You should also note that there is a scale inside the soft metrics too. Consider the metric of “writer experience” and compare it to “hallucinations” – some soft metrics are more important than others, as some may be showstoppers and some just make you feel bad.
In conclusion
Ultimately, the successful measuring of the content that comes out of the AI-assisted workflow can be summarized in three points:
- You cannot measure properly without having initial baseline metrics. If you don’t have any figures showing where you are without AI, it’s like you’re trying to build your house from the second floor without having built the ground floor.
- Define your use case and objectives clearly in the beginning. The AI tools are powerful, but technical communication has complex use cases and turning a need into an AI function can take time and a lot of discussion & analysis. This definition impacts your metrics because you will then know what do really need to track and measure.
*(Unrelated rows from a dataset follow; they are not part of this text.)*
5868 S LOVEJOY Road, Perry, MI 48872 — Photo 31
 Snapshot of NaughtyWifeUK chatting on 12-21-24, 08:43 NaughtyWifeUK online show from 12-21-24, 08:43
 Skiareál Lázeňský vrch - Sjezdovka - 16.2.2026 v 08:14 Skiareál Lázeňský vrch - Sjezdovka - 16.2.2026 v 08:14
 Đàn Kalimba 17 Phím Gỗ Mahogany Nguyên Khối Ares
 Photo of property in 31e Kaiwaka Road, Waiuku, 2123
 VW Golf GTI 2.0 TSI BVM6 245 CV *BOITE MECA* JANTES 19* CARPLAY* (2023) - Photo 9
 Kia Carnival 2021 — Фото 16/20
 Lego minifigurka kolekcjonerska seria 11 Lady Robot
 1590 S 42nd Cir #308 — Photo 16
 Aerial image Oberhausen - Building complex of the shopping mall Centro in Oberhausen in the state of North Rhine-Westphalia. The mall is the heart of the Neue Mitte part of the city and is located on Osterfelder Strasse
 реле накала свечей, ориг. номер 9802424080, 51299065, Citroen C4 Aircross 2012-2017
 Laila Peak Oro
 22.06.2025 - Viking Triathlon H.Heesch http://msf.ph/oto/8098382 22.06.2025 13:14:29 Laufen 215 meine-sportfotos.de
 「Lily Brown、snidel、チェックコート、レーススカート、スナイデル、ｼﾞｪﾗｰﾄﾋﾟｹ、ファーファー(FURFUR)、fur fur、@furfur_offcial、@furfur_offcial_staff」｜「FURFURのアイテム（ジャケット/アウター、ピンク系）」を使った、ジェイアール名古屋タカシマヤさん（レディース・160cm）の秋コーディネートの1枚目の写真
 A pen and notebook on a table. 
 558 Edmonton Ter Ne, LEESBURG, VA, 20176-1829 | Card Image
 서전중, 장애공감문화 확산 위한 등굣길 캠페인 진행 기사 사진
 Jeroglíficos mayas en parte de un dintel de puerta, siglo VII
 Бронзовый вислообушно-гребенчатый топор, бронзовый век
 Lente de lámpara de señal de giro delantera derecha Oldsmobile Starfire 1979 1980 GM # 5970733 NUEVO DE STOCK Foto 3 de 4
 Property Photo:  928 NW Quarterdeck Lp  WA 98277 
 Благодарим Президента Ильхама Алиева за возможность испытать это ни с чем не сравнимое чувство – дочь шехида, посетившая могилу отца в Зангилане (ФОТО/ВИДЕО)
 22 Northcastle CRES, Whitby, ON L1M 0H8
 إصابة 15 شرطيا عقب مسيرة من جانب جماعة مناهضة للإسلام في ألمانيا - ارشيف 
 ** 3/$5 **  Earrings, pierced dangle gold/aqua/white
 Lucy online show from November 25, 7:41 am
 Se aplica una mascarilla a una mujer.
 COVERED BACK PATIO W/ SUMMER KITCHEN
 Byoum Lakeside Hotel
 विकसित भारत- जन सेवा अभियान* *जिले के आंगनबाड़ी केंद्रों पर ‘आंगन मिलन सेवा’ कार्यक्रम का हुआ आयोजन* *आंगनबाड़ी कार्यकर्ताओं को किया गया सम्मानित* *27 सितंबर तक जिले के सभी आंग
- Select metrics that give you real, actionable data for evaluation and improvements. Leave out all metrics that are just “pseudomeasures” which give you a pretty number for management presentations but don’t really mean anything.
There are several different metrics that you can use for measuring the results of AI-assisted content creation. From all the possible options, you need to select the ones that are suitable for your case – remember that each case is unique, and we’re still far away from a standardized set of metrics and criteria.